His is the story of a family man, a mas man, and a man of business taking Massy Retail to sunnier days and calmer seas. A devoted husband for nearly 30 years and a father to two grown children, Winford is adept at achieving a healthy work-life balance. He strives to leave the office before dark; a true Trini, he unwinds by liming, boating, and playing mas (you might have spotted him in Bliss this Carnival); and his laidback manner of speaking harks more to a Sunday afternoon than a boardroom. Yet the corporate powerhouse doesn’t see his CEO role as remotely laidback or easy to coast through. His duty boils down to one critical thing: “getting business to stay in business.” It means there’s no time for putting your feet up in an ivory tower—especially in a recession that Winford admits hit Massy Retail hard in 2016, and shows no signs of improving in 2017.
However, Winford isn’t one to see the glass as half empty. Proving that he’s rightfully earned his position at the top, he sees the challenges of recession as positive: “The good thing about [a recession] is it makes you look at your business a lot closer. It makes you run a healthier business because you cut the fat out […] Because you’re not getting the revenue you used to, you have to be efficient and run a lower-cost business. You have to deliver a better everything.”
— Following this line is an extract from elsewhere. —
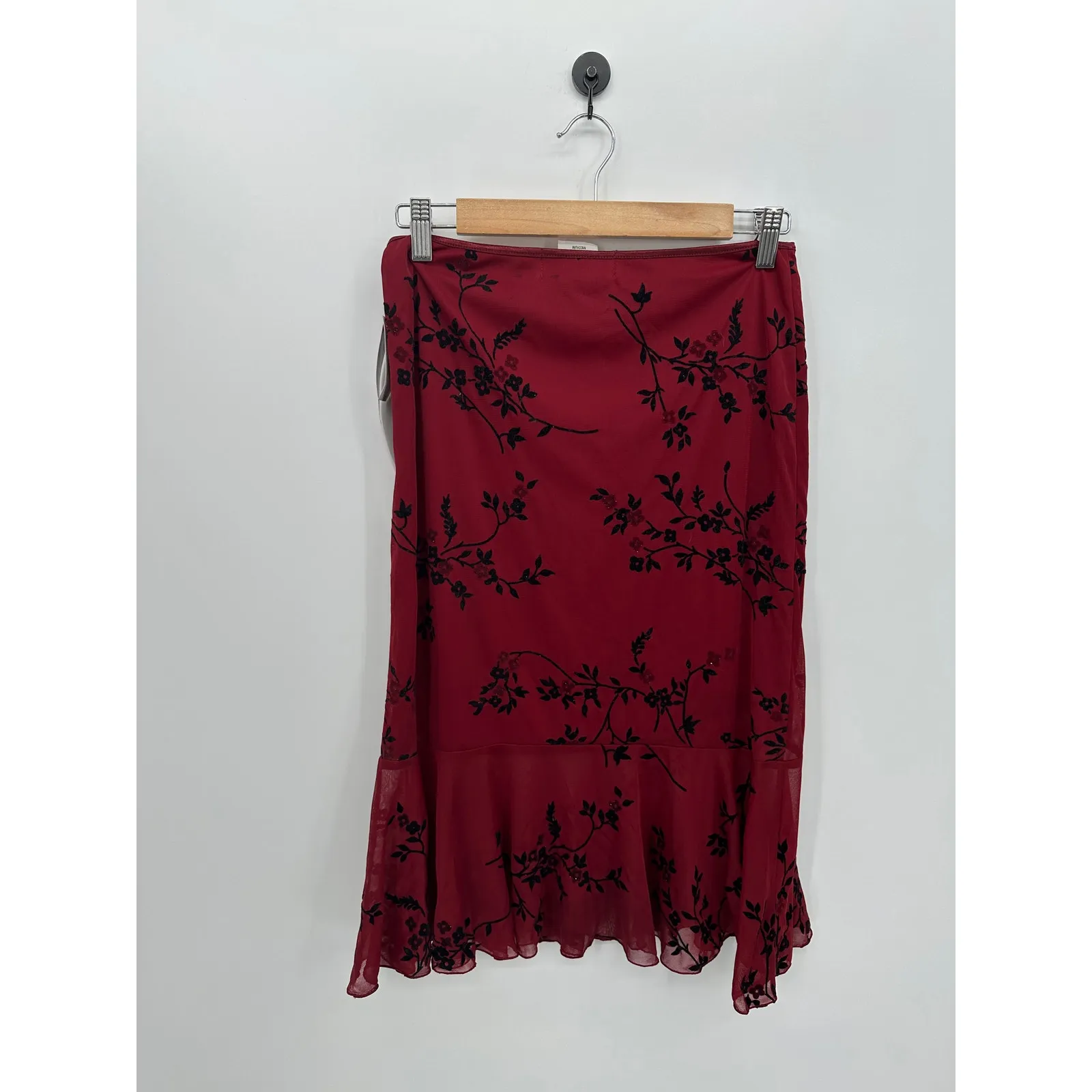 Exact Change Y2K Red Floral Midi Skirt Size M NWT Deadstock Vampire Whimsigoth - Image 2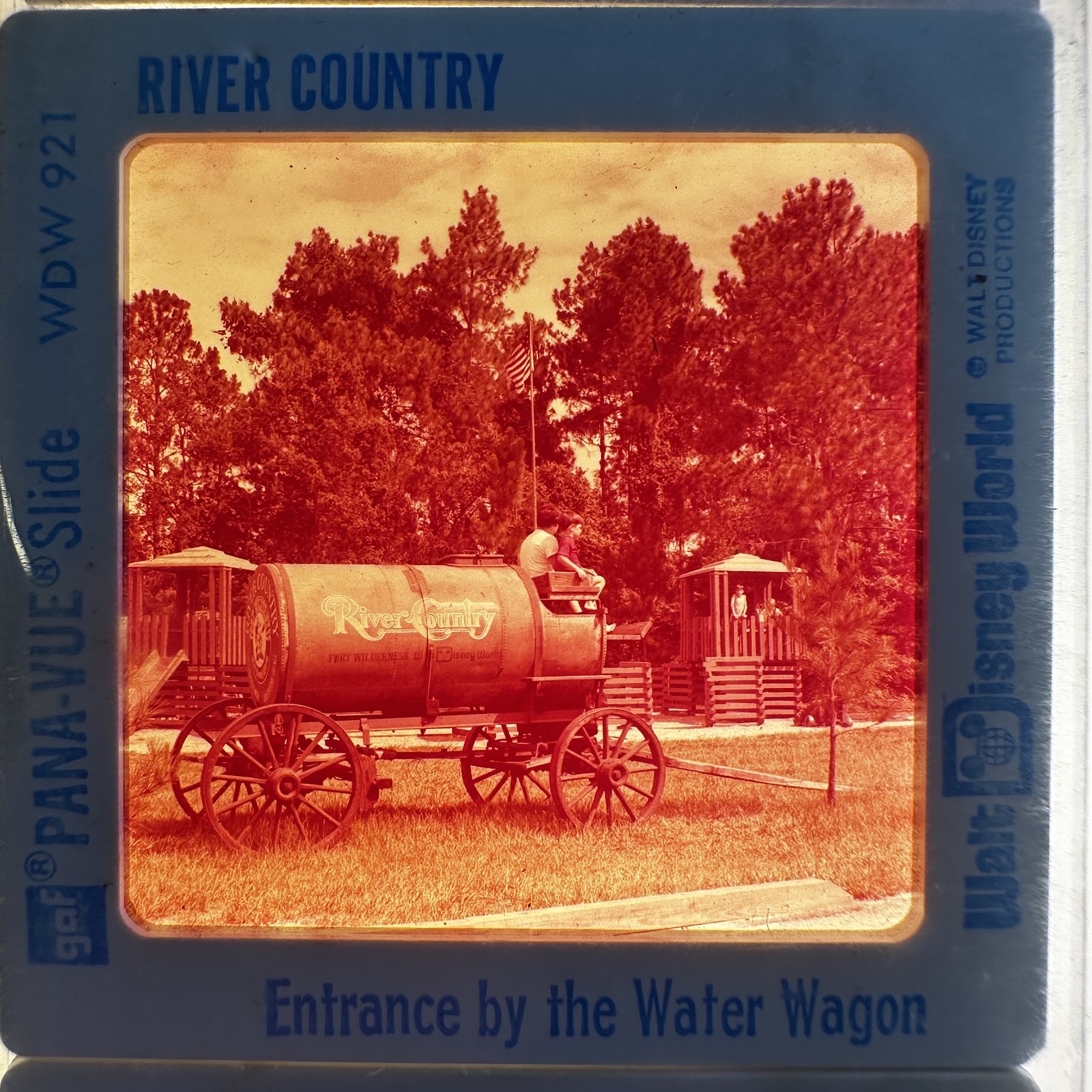 GAF Pana-Vue 35mm slide in cardboard mount showing the Water Wagon entrance feature at River Country, Walt Disney World, circa 1976–1980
Whereas someone in his position might be tempted to find ‘easy’ ways of cutting corners, Winford doesn’t even mention redundancies as an option for getting through the downturn. Showing his ability to lead and strategise creatively rather than take desperate measures, Winford is in fact using the hurdles of the economic climate as incentive to innovate further, to broaden Massy Retail’s product offerings, and expand its branches. His response to the recession calls to mind some of history’s most notable leaders – think Winston Churchill – who show their true strength and value in times of greatest hardship.
Sharing on some of the developments and innovations currently underway in Massy Retail, Winford says, “Our stores are changing. We’re now in the credit business. We now sell refrigerators, washers, dryers, stoves, and TVs in some stores. We’re going to expand that strategy […] and then this business is changing, customers change. Look at this grab-and-go area. Two, three years ago we were selling 20 lunches in Westmoorings. We’re now selling nearly 300 lunches a day. We’re trying to get to 500 lunches.”
Even more extraordinary is the fact that Winford is continuing to push Massy Retail’s philanthropic efforts: “We [Massy Retail] are going to go into more rural areas. And we don’t just go into an area. We go into an area and try to make it a better place by really uplifting the communities and the environment around it.” Rather than turning his face from those in need, tightening his figurative fist as the business grapples with the recession, Winford is embracing creative partnerships with charities like FEEL and Nourish TT. He sees this as essential to Massy Retail’s mission, and for him, a self-proclaimed “people person”, it’s only natural to leverage the business’s success to give back to the nation.
Speaking on the partnership with Nourish, a charity that provides a convenient online system for food retailers to donate food to the needy, Winford reveals a distinct desire to see the country flourish through humanitarianism: “[The team at Nourish] is the future. You sit back and say, oh my God, if more of Trinidad and Tobago were like Nourish, what a beautiful place this would be to live.” Indeed, he lists “making T&T better” as one of his biggest motivators, along with improving the lives of those who depend on him.
As Winford explains, “Happy people make for happy customers, and happy customers make for a happy business.” By innovating, expanding, and ‘trimming the fat’ in creative ways, Winford has ensured that Massy Retail’s nearly two thousand employees are still happy, even with belts tightening. But beyond that, he uses his natural love of people to be an accessible, motivational leader. At Christmas time, he shuts down the head office to work alongside cashiers; he regularly invites staff to his office where they’re given a safe space to share grievances and experiences; he goes down to the stores to engage with employees at every level. “A lot of my job is about making sure our people are well taken care of,” he says, “and that they’re happy, and can deliver and do everything that we ask them to do.”
This hands-on, happiness-centred approach seems to be keeping the business thriving in spite of the economic squall. As 2017 unfolds, Winford is at the helm of his ship with a smile on his lips. Though the rain stings his cheeks, he sees the sun up ahead, and there is no doubt that he will carry Massy Retail through to sunnier days, his ship filled with happy people and happy customers, sailing towards a brighter, more humanitarian T&T.